Die Macht des Faktischen

Erörterung zum Thema Sprache/ Sprachen

von  loslosch

Vox populi vox rindvieh, als Verballhornung von vox populi vox dei, besagt: Die Stimme des Volkes, quasi nicht von Gott kommend, ist wandelbar, absolut unstet (unklar, ob von Otto von Bismarck, 1915 - 1898, oder erstmals in einer Reichstagsrede von 1918). Drastischer noch ein US-General in den Bürgerkriegen, William Tecumseh Sherman (1820 - 1891): Vox populi vox humbug.

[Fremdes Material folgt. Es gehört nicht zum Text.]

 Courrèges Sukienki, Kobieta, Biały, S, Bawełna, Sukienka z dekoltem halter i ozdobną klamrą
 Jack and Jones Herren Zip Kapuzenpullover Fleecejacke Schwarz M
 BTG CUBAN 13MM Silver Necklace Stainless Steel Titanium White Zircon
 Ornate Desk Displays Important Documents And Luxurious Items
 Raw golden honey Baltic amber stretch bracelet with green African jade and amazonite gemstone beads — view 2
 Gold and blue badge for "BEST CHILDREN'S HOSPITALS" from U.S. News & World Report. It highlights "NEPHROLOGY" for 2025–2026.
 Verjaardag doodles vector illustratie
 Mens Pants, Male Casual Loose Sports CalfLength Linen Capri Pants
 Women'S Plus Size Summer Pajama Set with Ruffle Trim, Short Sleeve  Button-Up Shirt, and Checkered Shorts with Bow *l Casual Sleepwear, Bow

Überträgt man derlei vordemokratische Sprüche von der Politik auf die Entwicklung einer Sprache, stoßen sie ins Leere. Die Schriftsprache folgt immer, wenn auch stark verzögert, dem allgemeinen Sprachempfinden. Sprache ist historisch gewachsen, mit den ihr inhärenten logischen Brüchen. Sie beugt sich einem ungeschriebenen Diktat der Sprachgemeinschaft.

Die jüngste Rechtschreibreform von 1996 bis 2006 steht in dieser Tradition. Was die Volksetymologie in falscher Verknüpfung von Begriffen sich zusammenbraut, wird behutsam in die Schriftsprache überführt. Einige Beispiele: Belämmert statt bisher belemmert; Zierrat statt bisher Zierat; gräulich (nicht im Sinne von grauähnlich) statt bisher greulich; Tollpatsch statt bisher Tolpatsch. Das Wort stammt aus dem Ungarischen, einer uns fremden uralischen Sprache, was den Zugang erschwert.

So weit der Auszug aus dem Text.